The Smartliners are awesome! I've got them in my Grand Cherokee and absolutely love them. they contour the floorboards perfectly and are super durable.


----------



## CGP (Sep 18, 2013)

Just get OEM mats and you don't have to suffer the WeatherTec or Smartliner advertising.


----------



## Living Dead (May 13, 2011)

I got a set of Diamond floor mats in black with red stitching for my 2020 M40i and I love them, they cover almost every square inch of carpet, fit perfectly, look fantastic and were reasonably priced I got them just for winter but like the look so much I will keep them year round.


----------



## jsharvey (Jan 6, 2020)

CGP said:


> Just get OEM mats and you don't have to suffer the WeatherTec or Smartliner advertising.


I love my WeatherTech mats, but are looking right about their advertising. This guy on Etsy has replacement emblems, with a ton of BMW options to choose from. 






This item is unavailable - Etsy


Find the perfect handmade gift, vintage & on-trend clothes, unique jewelry, and more… lots more.




www.etsy.com










This item is unavailable - Etsy


Find the perfect handmade gift, vintage & on-trend clothes, unique jewelry, and more… lots more.




www.etsy.com


----------



## CGP (Sep 18, 2013)

jsharvey said:


> I love my WeatherTech mats, but are looking right about their advertising. This guy on Etsy has replacement emblems, with a ton of BMW options to choose from.


How cool is that. Thanks for the info. I would note that the OEM BMW mats I bought were exactly the same as the WeatherTec mats. The only difference was they came with a 5 series emblem.


----------



## jim.beam(er) (Apr 1, 2021)

I have a set of Smart liner mats for late Fall to late Spring Minnesota weather. They're as good as any WeatherTech mats I own. For the other 5 months of the year I have the Manicci Premium luxury mats in black with white diamond stitching. The Manicci mats are beautifully constructed, and fit like a glove.


----------



## rick47591 (Mar 17, 2017)

Eli Madero said:


> The Smartliners are awesome! I've got them in my Grand Cherokee and absolutely love them. they contour the floorboards perfectly and are super durable.


I have been using Weathertech for the last 12 years and love them. Upon reading about the Smartliner mats and since I had never heard of them, I surfed to their website to look at them. They look just like Weathertech. The only difference is the name in the logo. I'll stay with Weathertech.


----------



## rick47591 (Mar 17, 2017)

rick47591 said:


> I have been using Weathertech for the last 12 years and love them. Upon reading about the Smartliner mats and since I had never heard of them, I surfed to their website to look at them. They look just like Weathertech. The only difference is the name in the logo. I'll stay with Weathertech.

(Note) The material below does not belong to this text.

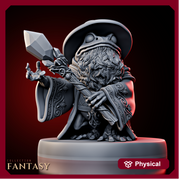 Grung Mage 1 - Only-Games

Upon getting my weathertech mats, I tried to install them. I tried several times but they would not install. So I returned them. 

I later found out from weathertech that BMW floorliners are not consistent and the manufacturer of the floor mats have had to come up with multiple kits that would work due to the post on the insert not being long enough or too long or too wide.


----------



## Old Grouch (Jul 5, 2020)

I have a set of the rubber BMW OEM mats in my 2014 F07 that has 72k miles, and they still show virtually no wear, have nice deep channels to trap debris/water, and are held in place by factory velcro type attachments that twist lock through the carpet to the metal beneath.Might not be quite as flashy as some after market offerings, but they protect as well or better than any of them, and isn't that what really counts?


----------